Monday, June 28, 2010

I'm covered.


Here's what I know:
  • Rumors was probably one of Fleetwood Mac's best albums.
  • Mates of State is my favorite married couple band.
  • I am not particularly gifted with Microsoft Paint.
All of these things combined explain why I've been jamming to this song:




Sunday, June 27, 2010

Tea time!

Between the months of June and September, the state of Texas becomes completely unreasonable. Weeks ago, temperatures began the climb into the upper 90s with heat indices dancing in the triple digits. Thus, I returned to my state of perpetual sweat and now seek slivers of shade underneath trees or behind signs as I wait for the bus. I even have a spare shirt stashed in my office.

Even native Texans find the summer heat unbearable, although what separates them from the rest is their willingness to be outdoors anyway. Me? Not so much. No matter how slow I walk, or how early I get up in the morning, Texas is just too hot to a girl who can easily conjure up memories of Wisconsin summers - a magical place where when the sun goes down, so does the heat. A place that doesn't feel like you are constantly standing behind the exhaust pipe of a bus.

That's not to say that I haven't made progress. With one summer already under my belt, I've made crazy remarks like, "Ninety degree days aren't that uncomfortable in the shade" or "Screw it, let's just go outside anyway." Of course, it's only June. I have barely begun the fight.

Texas summers are just reverse winters, anyway - the majority of time you're indoors, and you keep an eye on the news for weather warnings, only this time it's the heat, not snow, that's the culprit. On the bright side, you don't have to shovel the sun. Still, summer is the pits here. But in an attempt to be positive, I plan to occasionally share with you all of the things that keep Texas summers from turning completely into Dante's Inferno.

Starting with Sun Tea. Oh, how I love iced tea. When I manage to greet the great outdoors, it's usually with a glass of iced tea in hand (not to mention SPF 50 and a floppy hat). I love seeing jars of sun tea brewing on folk's front porches around the neighborhood. Iced tea is even a big business around here, although I draw the line at sweet tea which is a great example of how too much of a good thing is just gross.

When my outdoor plant died due to heat exposure and owner negligence, my sun tea jar took its place. It's better use of the space, anyway. A few weeks back, I read an article about the bacterial problems with sun tea. I brought this up to a colleague who responded, "If there was any true danger from making sun tea, 80% of the South would be dead by now." I cringed at his response. Wait, I live in the South?!

Oh, well. No matter where I live, iced tea = summertime. I guess it will just depend on my future locations as to whether I actually enjoy the summertime or not. But that's beside the point.

Tuesday, June 22, 2010

Not under control.

Years ago, a professor glanced at me behind a stack of papers and said, "You know, you can't control the universe, Laura." This, my friends, is an infuriating thing to say to a control freak. Sometimes, a person just doesn't want to hear the truth. And that person is me.

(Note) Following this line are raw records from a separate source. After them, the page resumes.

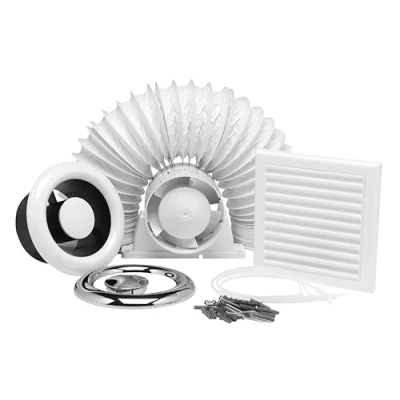 Image of Xpelair Airline Inline Extract Fan with Timer, Ducting and Grilles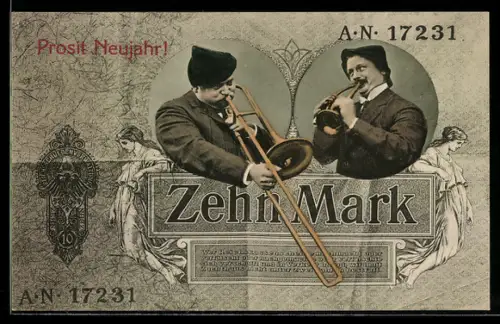 AK Geldschein 10 Mark mit zwei musizierenden Männern, Neujahr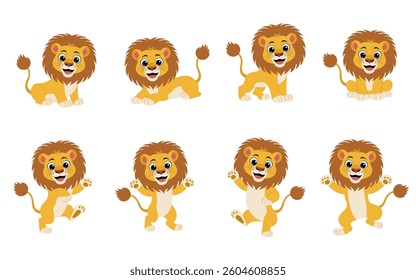 Cute animal lion set characters. Cute lion in various poses. Lion running, standing, jumping. Forest wild animals.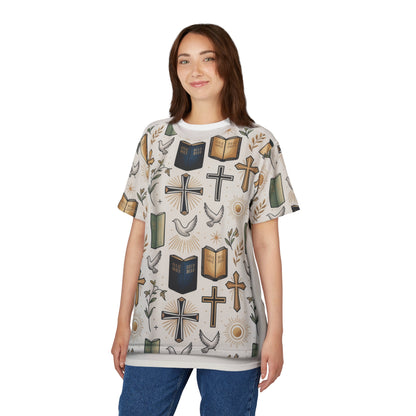 Christian Faith All-Over Print Tee — Crosses, Bibles & Doves Pattern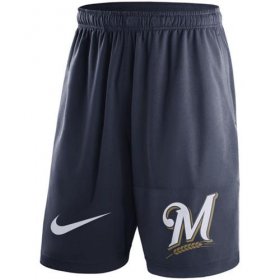 Wholesale Cheap Men\'s Milwaukee Brewers Nike Navy Dry Fly Shorts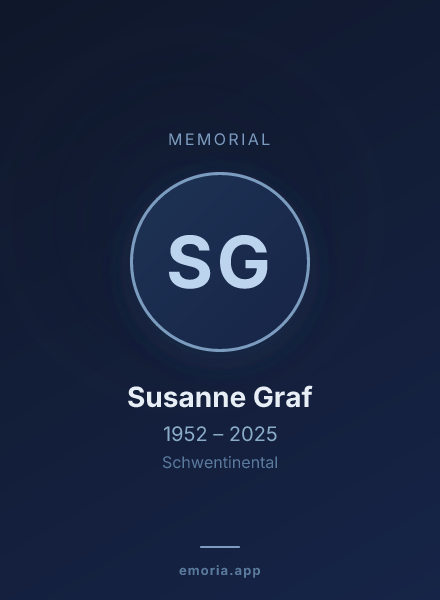Memorial portrait of Susanne Graf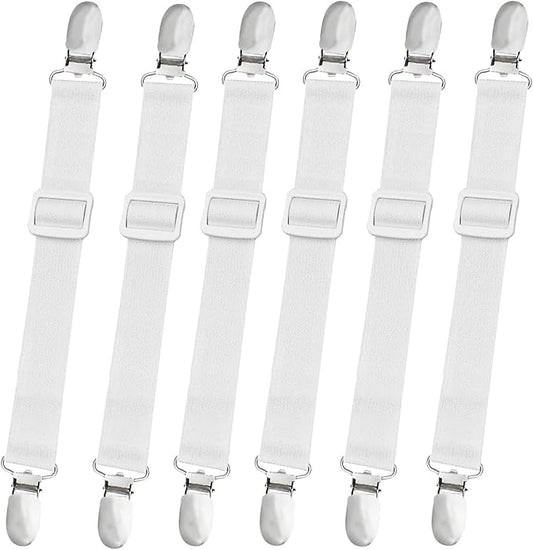8-Piece Adjustable Bed Sheet Straps - Elastic Fitted Sheet Holders, Universal Sheet Fasteners from 14 to 47 Inches, Mattress & Sofa Cushion Covers, White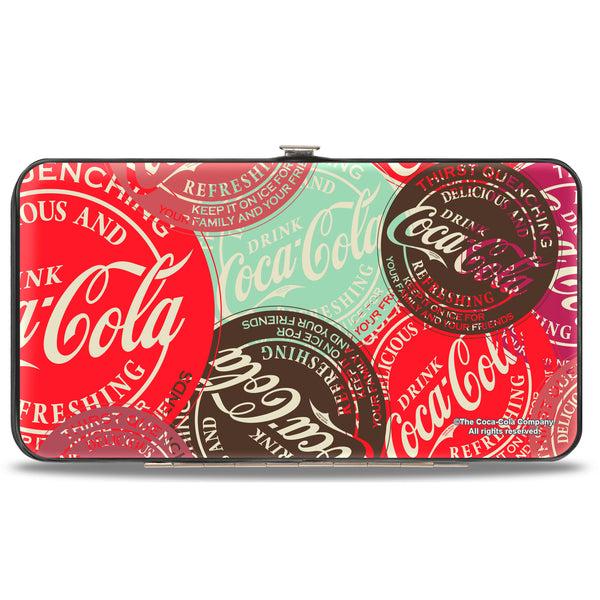 Buckle-Down Hinged Wallet - DRINK COCA-COLA Coke Patches Stacked Reds/Multi Color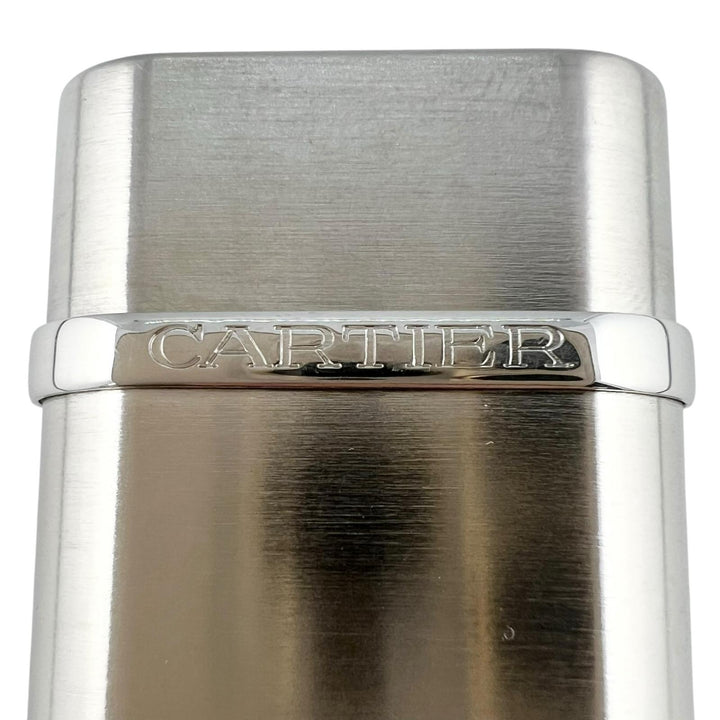 美品▲Cartier カルティエ ゴドロン ヘアライン オーバル ローラー式 喫煙具 ガスライター シルバー スイス製 メンズ 着火確認済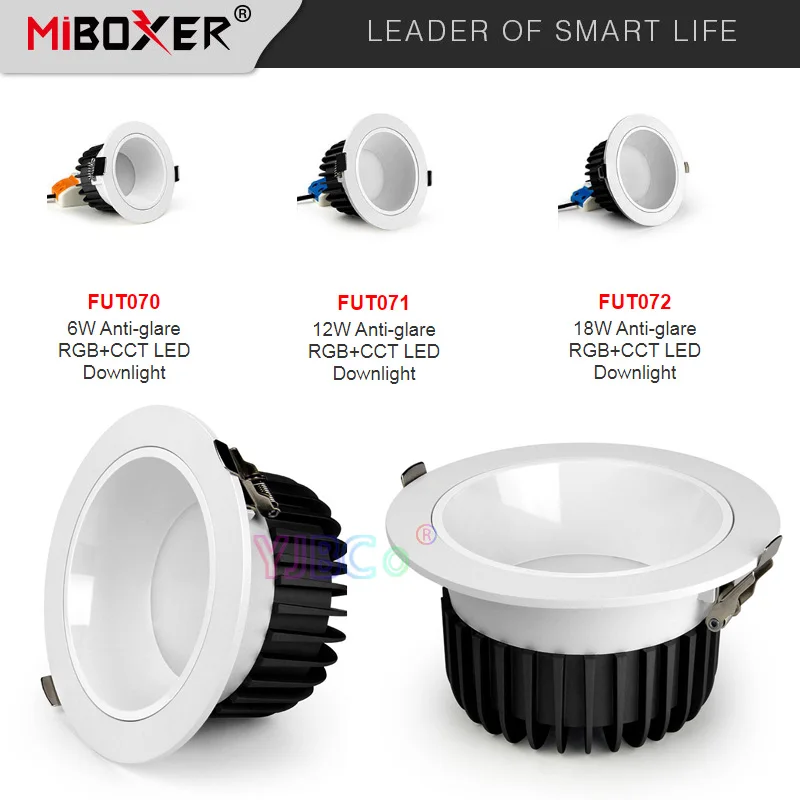 

Miboxer Новинка 6 Вт 12 Вт 18 Вт антибликовый RGB + CCT Светодиодный Светильник направленного света AC100 ~ 240 В приглушаемый умный светодиодный потолочн...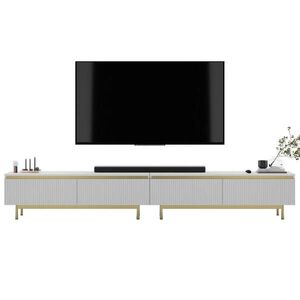 Meble Lindner TV-LOWBOARD 2er-Set Selene Weiß matt 280 cm mit Metallrahmen vyobraziť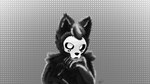 anthro bone latex male mask skull birllil changed_(video_game) puro_(changed) virgil_(birllil) canid canine canis living_latex mammal unknown_species wolf 16:9 hi_res monochrome widescreen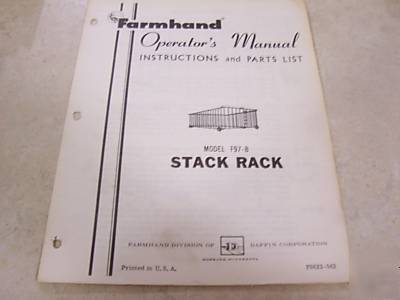 Farmhand stack rack F97-b operator's manual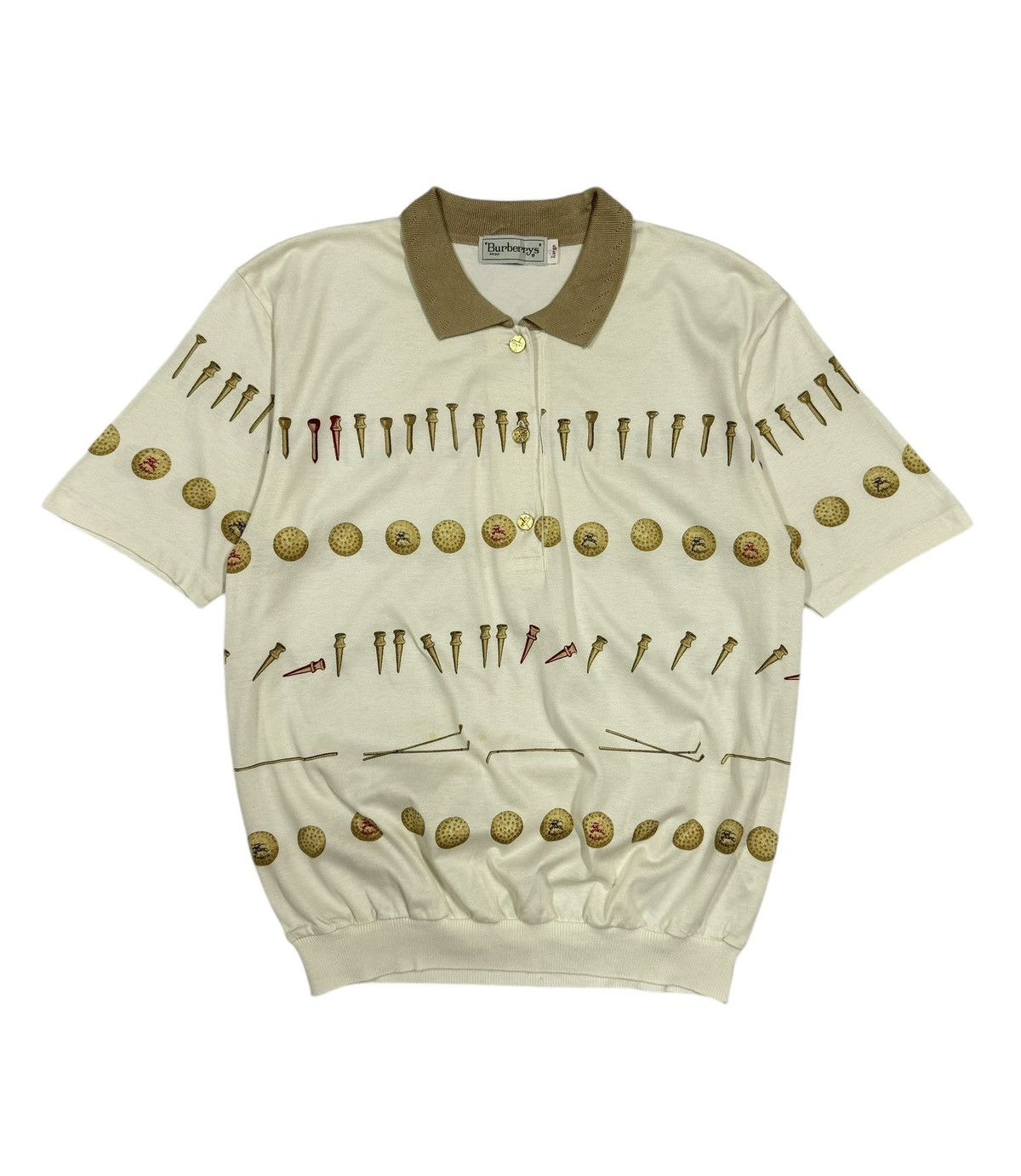 Burberry × Vintage Vtg🔥Burberrys Petite Golf Polo Shirt Size US L / EU 52-54 / 3 - 1 Thumbnail
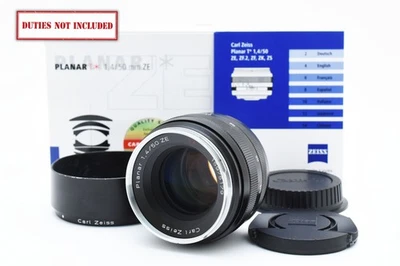 [MINT in Box w/Hood] Carl Zeiss Planar T* 50mm f/1.4 ZE Lens for Canon EF JAPAN - Image 1 of 4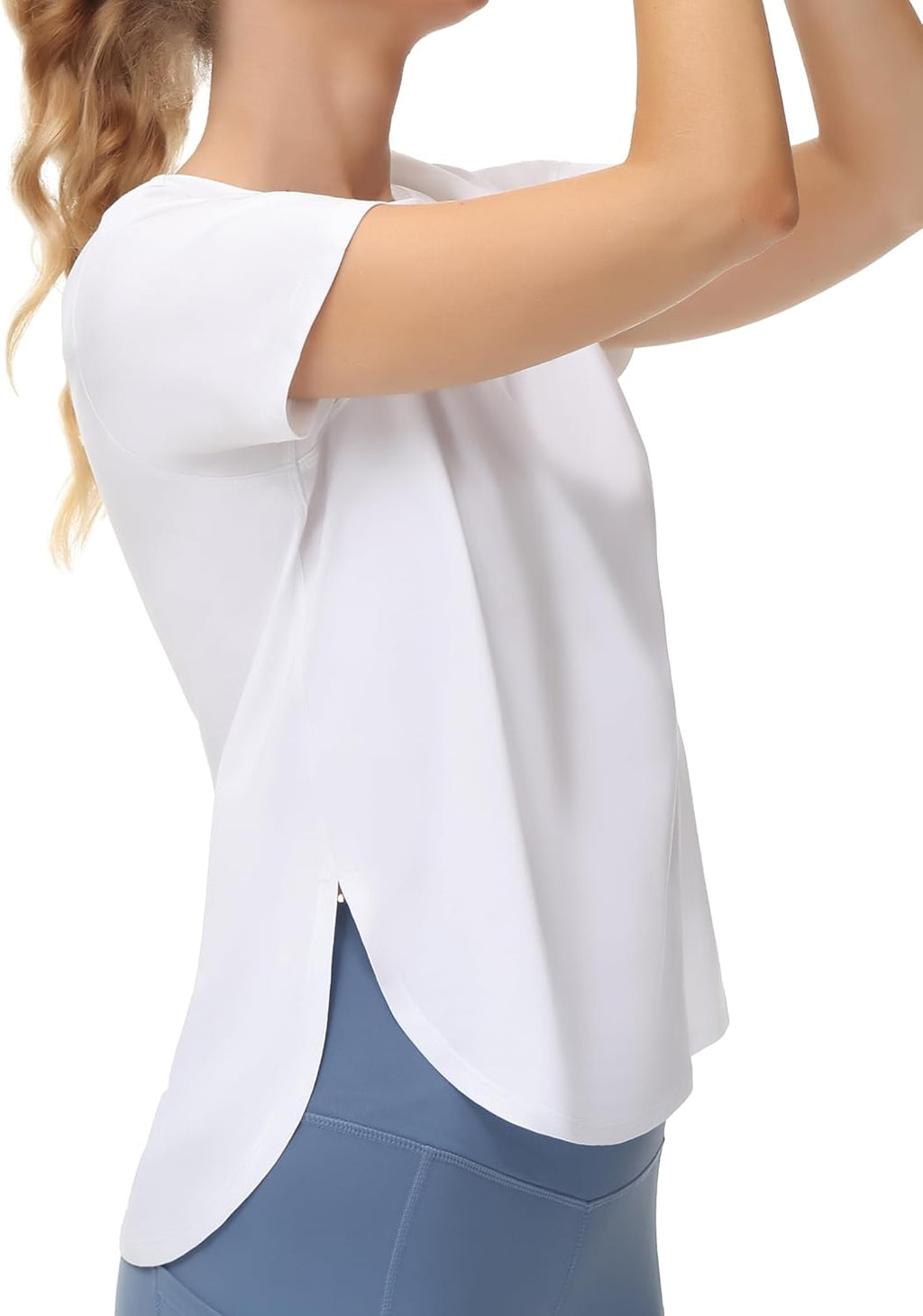 womens workout t shirts loose fit short sleeve cotton running basic tee tops with split hem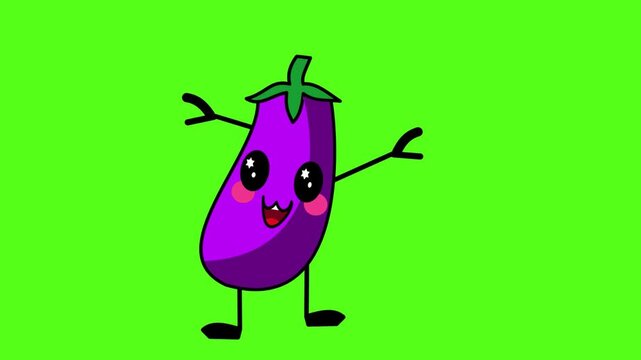 brinjal jumping happily looped animation vegetable cartoon kawaii
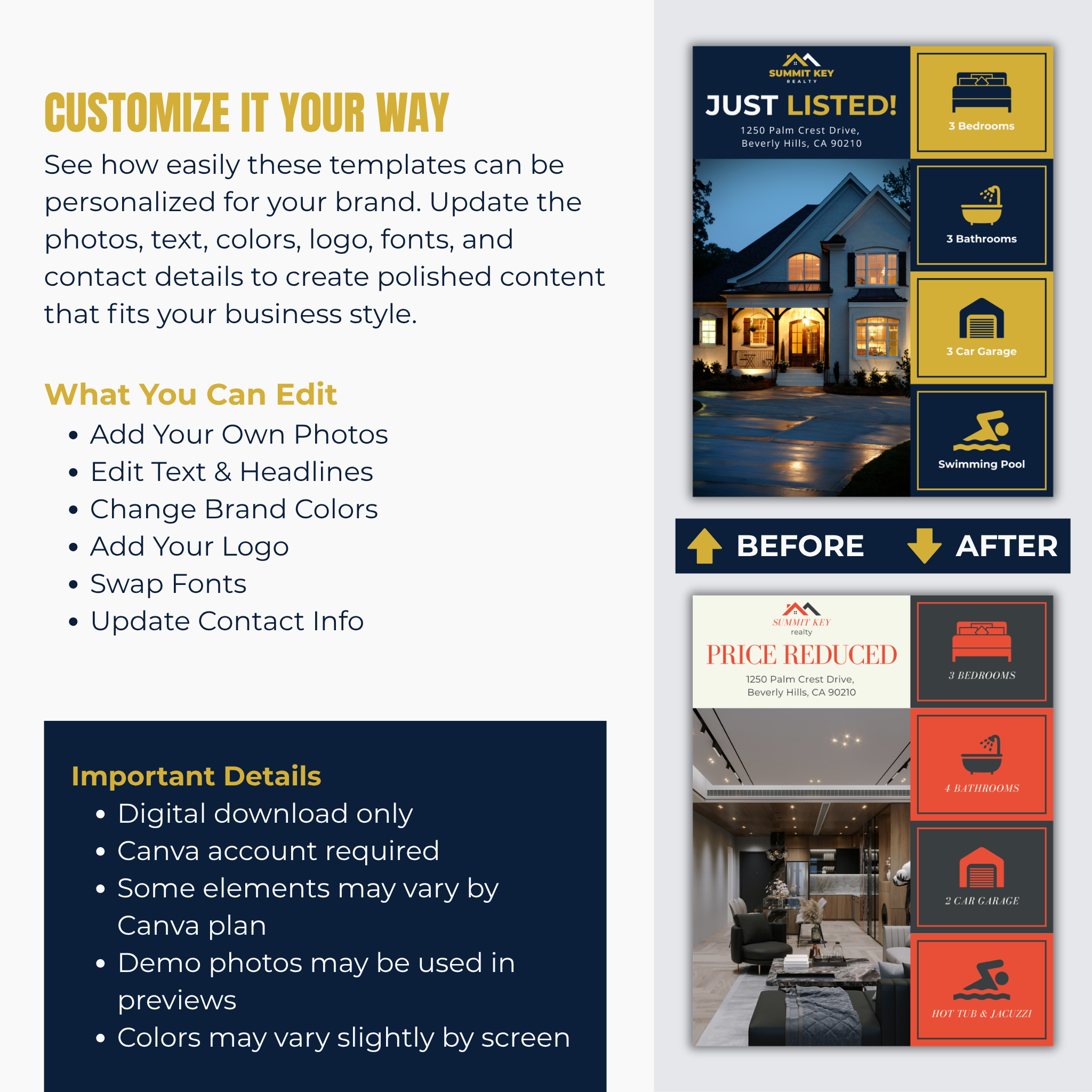 Real estate template customization options with 'Before' and 'After' examples.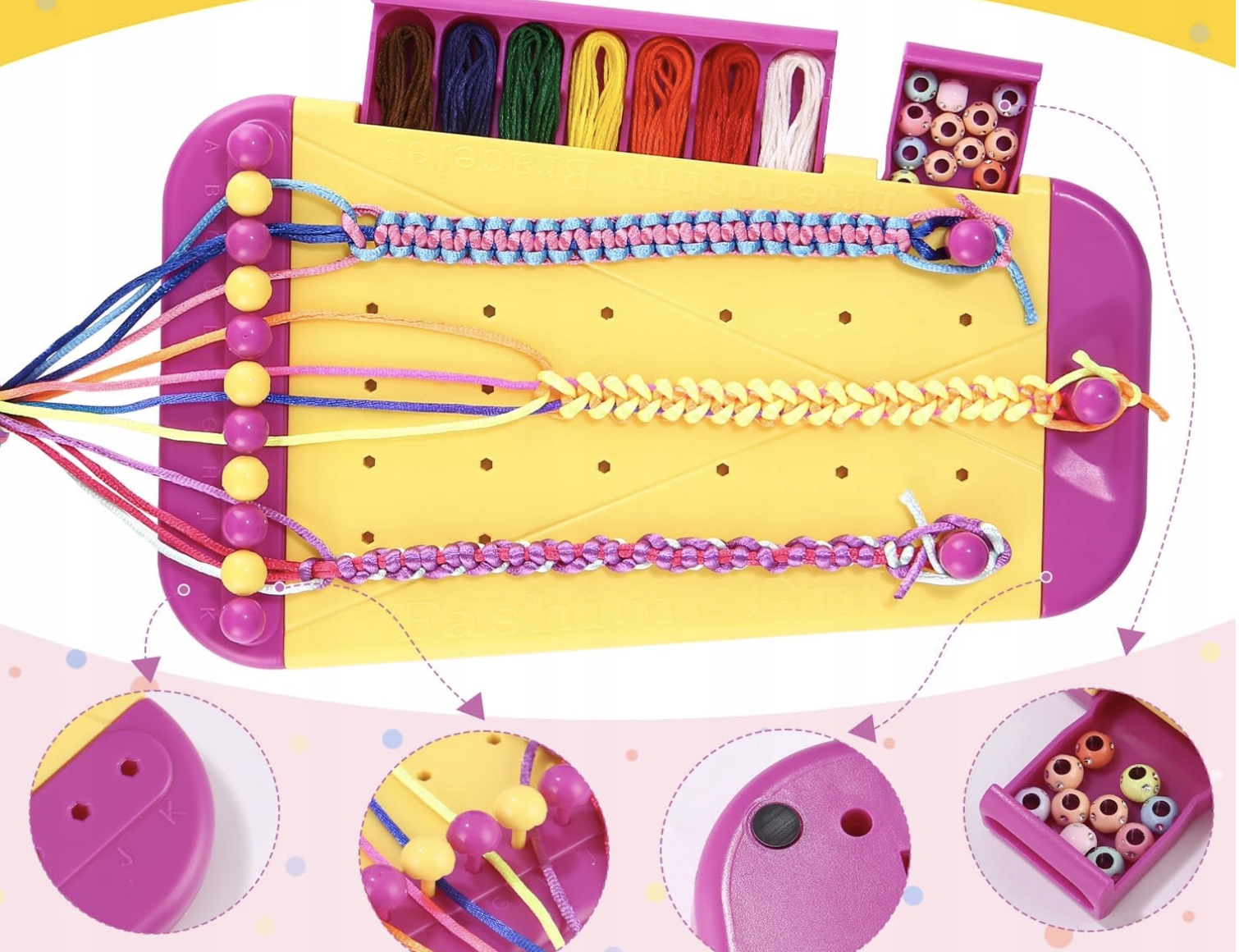 Zestaw Do Robienia Bransoletek Biżuterii z Muliny Duży Dla Dzieci Koraliki - obrazek 2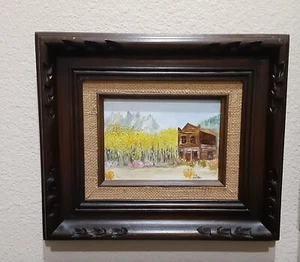 ALTES GERAHMTES SIGNIERTES ÖLGEMÄLDE VON ILA DIE ROTE SCHEUNE COLORADO ÖLGEMÄLDE - Bild 1 von 12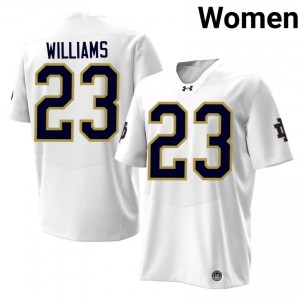 White #23 Kyren Williams Women Durable Notre Dame College 2026 Football Stitching Jersey H4n25216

I spent almost a week in the hospital this month. I shuffled around in half-open hospital gowns, stress ate tiny cups of ice cream, and waited. Waited to see doctors, waited in freezing cold ER rooms, waited for my pain meds to kick in. Say it with me: no control.

Let me just point out that the joy behind today's entry was not found through me relinquishing all control or surrendering to the universe. I still have no idea how to even attempt that. Instead, joy came from an awesome realization that when you do lose control, there can be people around to cushion the blow. They can spend all day with you in the ER and claim they wouldn't have gotten as far on their class reading if they hadn't. They can pick up cups of iced coffee because they know you're addicted, and they can harass the nurse until she finally tells them when the doctor is expected to come. They take vacation days just to sit by you while you blubber like an idiot because you don't want to have that spinal tap.

When you don't have control of the big stuff, this is the stuff that gets you through it... and headed towards your next joyful entry.